Wednesday, January 1st, 2020

PETALING JAYA: Shared Prosperity Vision 2030 was introduced when the government realised Vision 2020 could not be achieved fully, says Tun Dr Mahathir Mohamad.

The Prime Minister said when he headed the country for the first time, it was through Vision 2020 that the government then had targeted as the year Malaysia would be considered a developed country.

“However, in the past few years, we realised that the target could not be achieved fully and due to that, we prepared a blueprint known as Shared Prosperity Vision 2030.

“There is a need for that extension as it is the duty of the government to ensure a peaceful and developed country, ” he said in his New Year address.

Dr Mahathir also defended the recent Kuala Lumpur Summit as a necessary platform for international cooperation which would also benefit non-Muslims.

“We may not realise that every time we hold international conferences such as the KL Summit, Malaysia is showing off to the world how we have successfully lived peacefully with all our diversities, ” he said.

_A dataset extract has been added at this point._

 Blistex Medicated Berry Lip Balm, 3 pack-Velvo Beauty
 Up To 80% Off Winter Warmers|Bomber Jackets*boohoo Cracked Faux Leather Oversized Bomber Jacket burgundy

Dr Mahathir added that it had never crossed their minds to come up with laws which ostracised people or migrants.

“Even though we have allocations for Bumiputra, it was to ensure their survival and not meant to deny or take away the rights of the others.

“This is why the riches of the nation is not only held by bumiputra but also shared with others and in many other instances, held by other races, ” he said.

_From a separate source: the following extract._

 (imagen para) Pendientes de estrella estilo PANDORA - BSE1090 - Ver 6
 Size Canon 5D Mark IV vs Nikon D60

Dr Mahathir urged Malaysians to work hard and prepare for global political uncertainty as the turmoil due to the trade war between big powers and quick technological advances were factors that would decide the direction of the world and the country.

“Those who understand these changes have found opportunities for jobs and incomes. Those who do not change will lose their source of livelihood, ” he said, adding that the government would assist those who work to better themselves.

Dr Mahathir also called on Malaysians to put aside their differences and celebrate similarities as well as embrace noble values which were part of the criteria to be a developed nation.

“Values such as being hardworking, being disciplined, cleanliness, tolerance, respect, well-mannered and being big-hearted are what differentiates us from those who are not advanced and backward.

“These values represent all cultures, religions and races, and diversity, ” he said.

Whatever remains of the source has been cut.